---- Dataset records

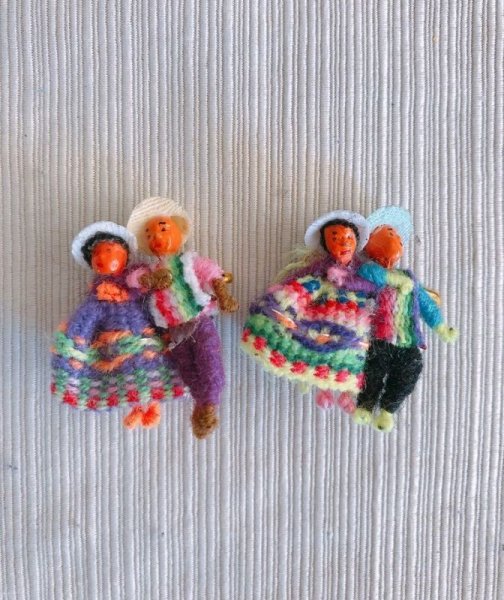 画像4: アンデスのカップル　布ブローチ（送料無料） (4)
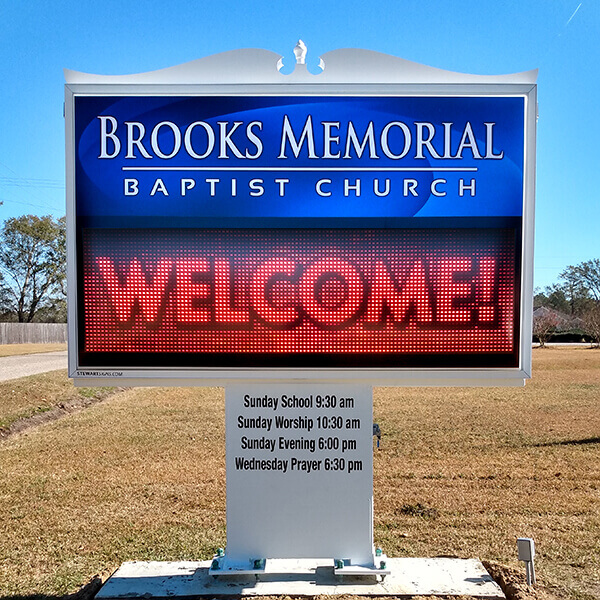 Church Sign for Brooks Memorial Baptist Church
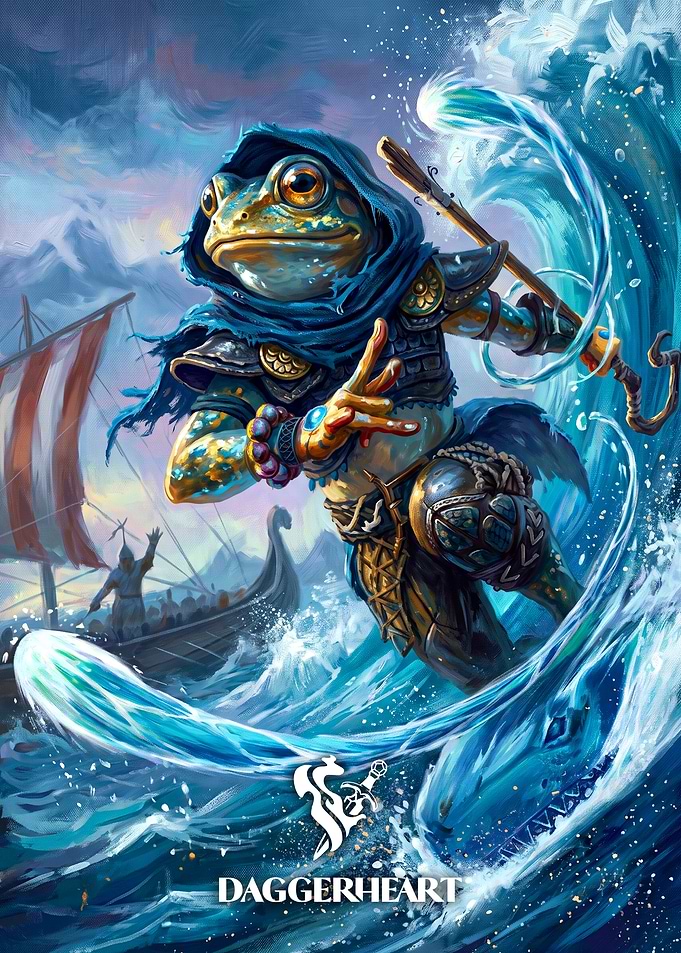 Daggerheart Frog Warrior Riding Wave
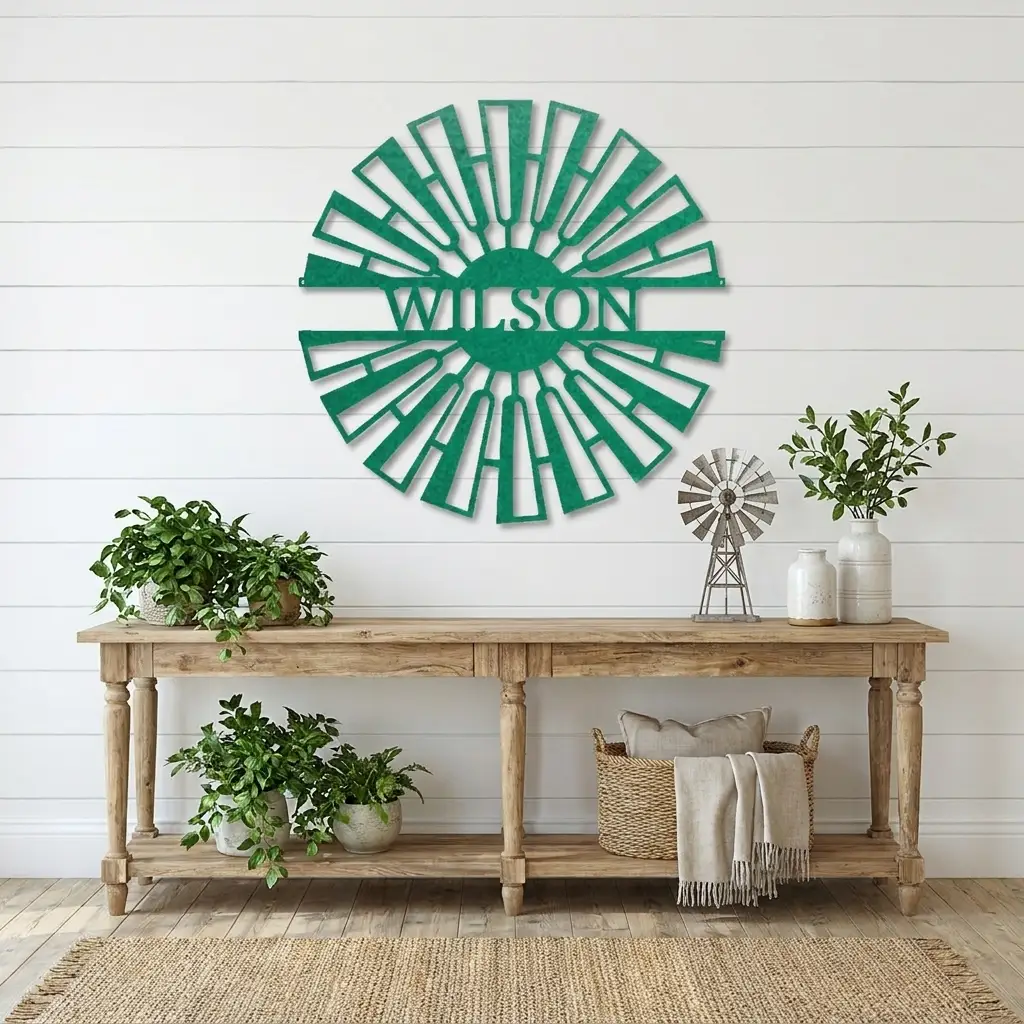 Windmill Custom Name Steel Wall Sign Metal Art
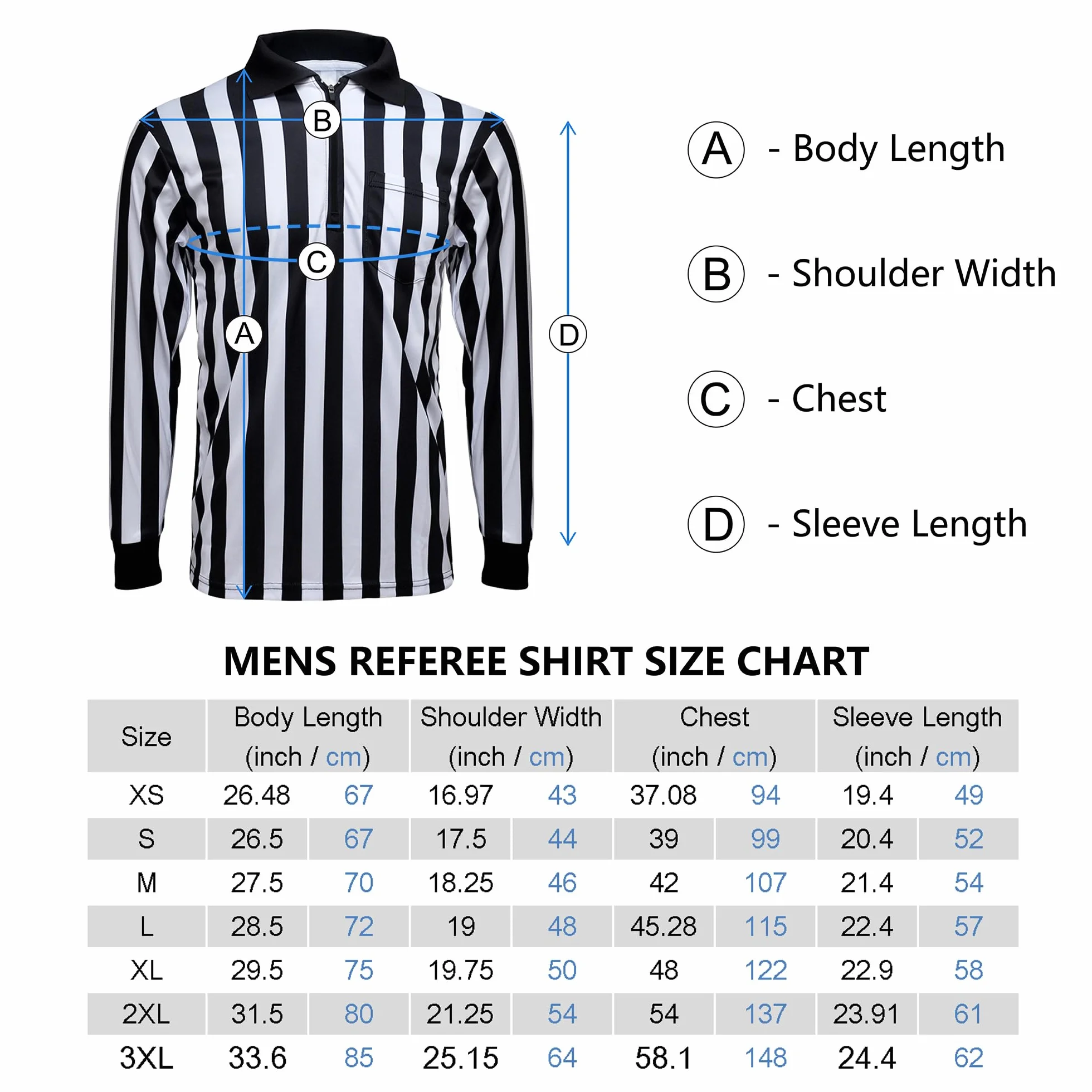 TopTie Męska oficjalna koszulka sędziowca z długim rękawem, czarno-białe paski, koszulka Pro-Style Ref Umpire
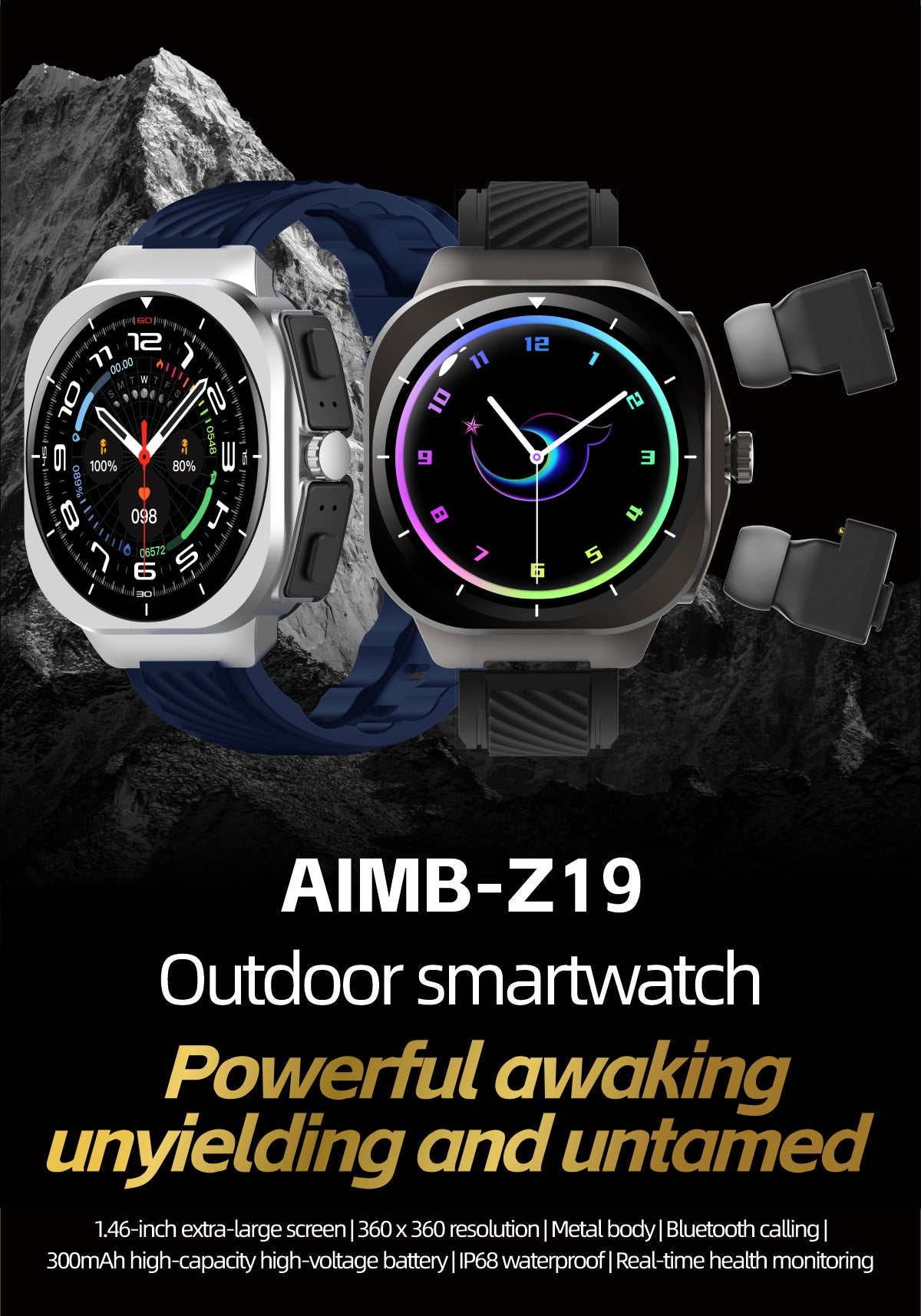 AIMB-Z19Smart Watch Bluetooth Call True Heart Rate Step Count Sleep Monitoring Hidden Earphones Sports Three-Proof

--------

= Directions for this task =
When you reach the line that contains "Church Sign for", start copying the listing word for word and stop only after its last line, without any pictures.

= Answer space =
 Church Sign for Brooks Memorial Baptist Church
 Daggerheart Frog Warrior Riding Wave
 Windmill Custom Name Steel Wall Sign Metal Art
 TopTie Męska oficjalna koszulka sędziowca z długim rękawem, czarno-białe paski, koszulka Pro-Style Ref Umpire
 AIMB-Z19Smart Watch Bluetooth Call True Heart Rate Step Count Sleep Monitoring Hidden Earphones Sports Three-Proof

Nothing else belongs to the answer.